Propagating Hoyas successfully comes down to understanding this anatomy. A healthy cutting needs at minimum two nodes to root reliably, and placing one node below the water line or soil surface gives the cutting a strong anchor. Aerial roots, those small brown nubs already visible along the stem, will become proper roots within two to four weeks in water or a moist medium like perlite. The cutting doesn’t need rooting hormone, Hoyas are forgiving propagators, but it does need indirect light and stable humidity. A clear plastic bag loosely draped over the cutting for the first week or two creates a microclimate that significantly reduces wilting stress.
Water propagation works well for visual learners because you can monitor root development without disturbing the cutting. Once roots reach two to three centimeters, transferring to a well-draining mix (a 50/50 blend of Potting Soil and perlite is a reliable standard) gives the new plant its best start. The transition from water to soil stresses the plant briefly; don’t be alarmed if one leaf yellows and drops.

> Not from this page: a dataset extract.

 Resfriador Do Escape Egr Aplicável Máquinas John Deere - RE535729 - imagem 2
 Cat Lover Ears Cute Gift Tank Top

What Hoyas actually need to bloom
Even with every peduncle intact, a Hoya won’t bloom without the right conditions, and many growers get the light equation wrong first. Hoyas are sun-hungry for tropical plants. A north-facing windowsill that keeps a pothos thriving will leave a Hoya alive but stubbornly flowerless. They want bright indirect light for most of the day, with some direct morning sun if available. East-facing windows are close to ideal in most U.S. homes.
Root crowding, counterintuitively, encourages blooming. A Hoya that’s slightly pot-bound redirects energy from root expansion toward reproduction, which means flowers. Repotting into a much larger container when the plant looks healthy and established can actually delay blooming by a full growing season. The standard advice is to go up only one pot size at a time, and only when roots are clearly circling the drainage holes.

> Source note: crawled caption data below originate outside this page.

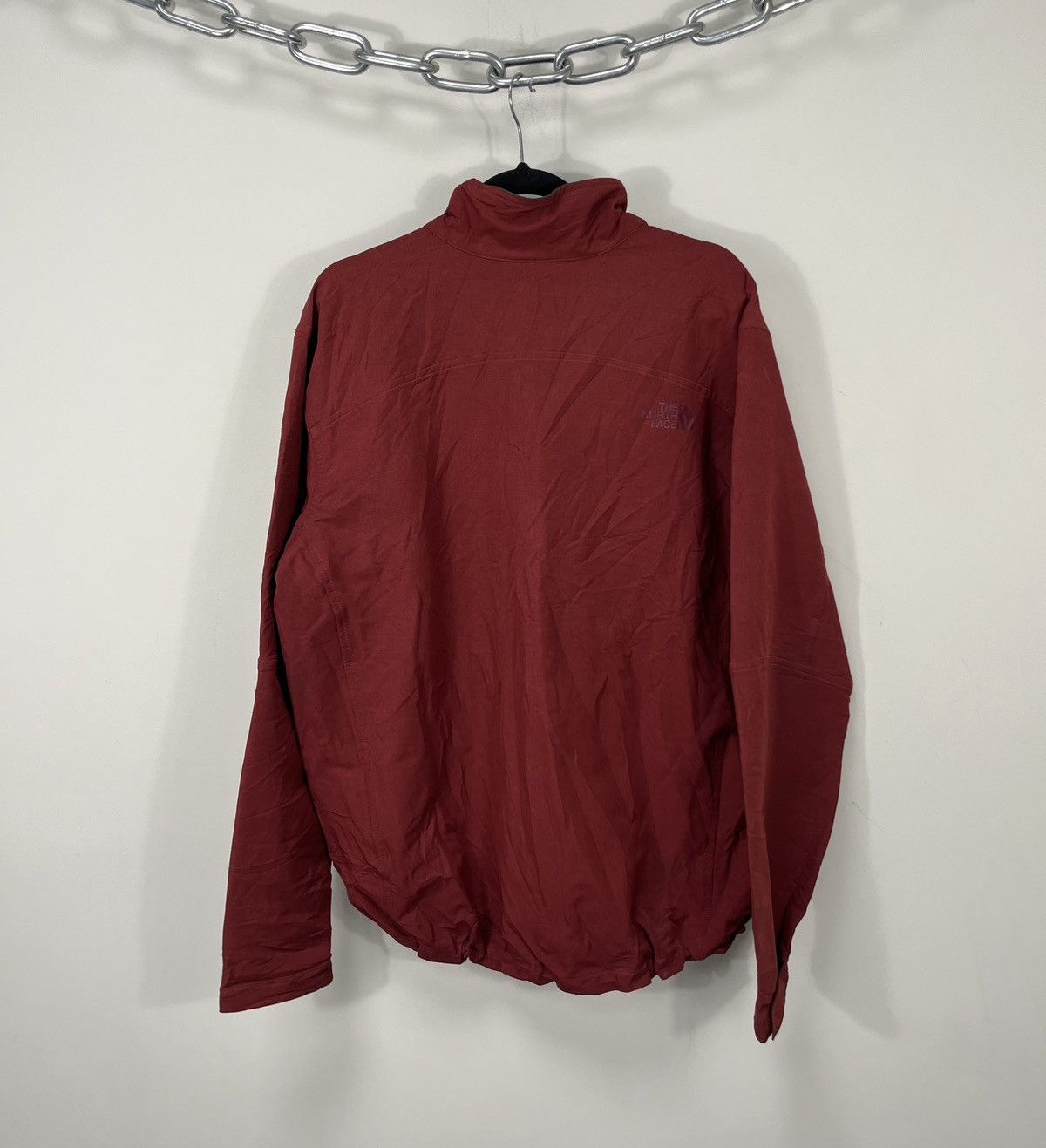 The North Face The North Face FlashDry Outdoor Full Zip Shell Jacket Size US XL / EU 56 / 4 - 2 Thumbnail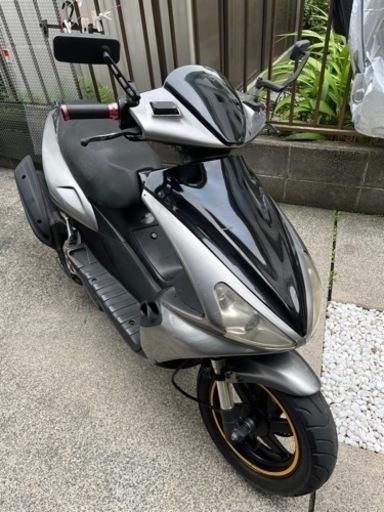 自賠責保険付　ADIVA125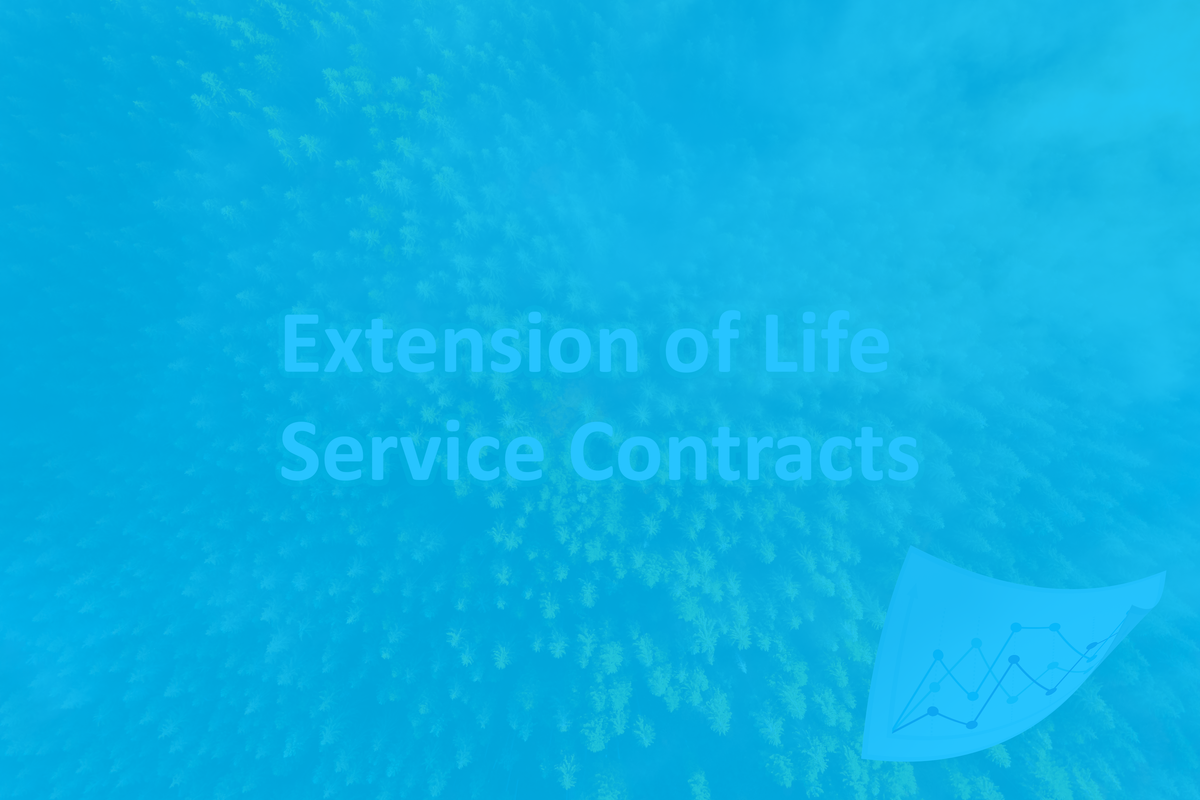 Extension of Life service contracts (EOLC)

Temperature consistency matters more than most guides admit. Hoyas tolerate a range of household temperatures, but fluctuations, a cold draft from a window in January, a heat vent blowing directly on foliage — interrupt the plant’s internal rhythms. Some growers deliberately expose their Hoyas to slightly cooler nights (around 60°F) in fall, mimicking the seasonal shift that triggers bloom initiation in the wild. It works, though it requires keeping the plant away from heating sources that cycle on and off through the night.
A few things worth knowing before you inherit someone’s cutting
Hoyas are slow. A rooted cutting from a Hoya carnosa typically takes two to three years before producing its first peduncle. From a Hoya pubicalyx, you might wait slightly less if conditions are ideal. Patience isn’t optional here, it’s the price of admission for one of the most rewarding houseplants in the hobby.
The waxy star-shaped flower clusters, called umbels, produce nectar actively while open. Placing a blooming Hoya on a light-colored surface can let you see the nectar drops forming overnight, which is either delightful or mildly alarming depending on your disposition. The scent, strongest in the evening, ranges from mild vanilla in H. carnosa to something closer to chocolate in H. obovata. There are over 500 described Hoya species, and collectors who start with one cutting often find themselves, two years later, running out of windowsill space for the ones they’ve acquired since.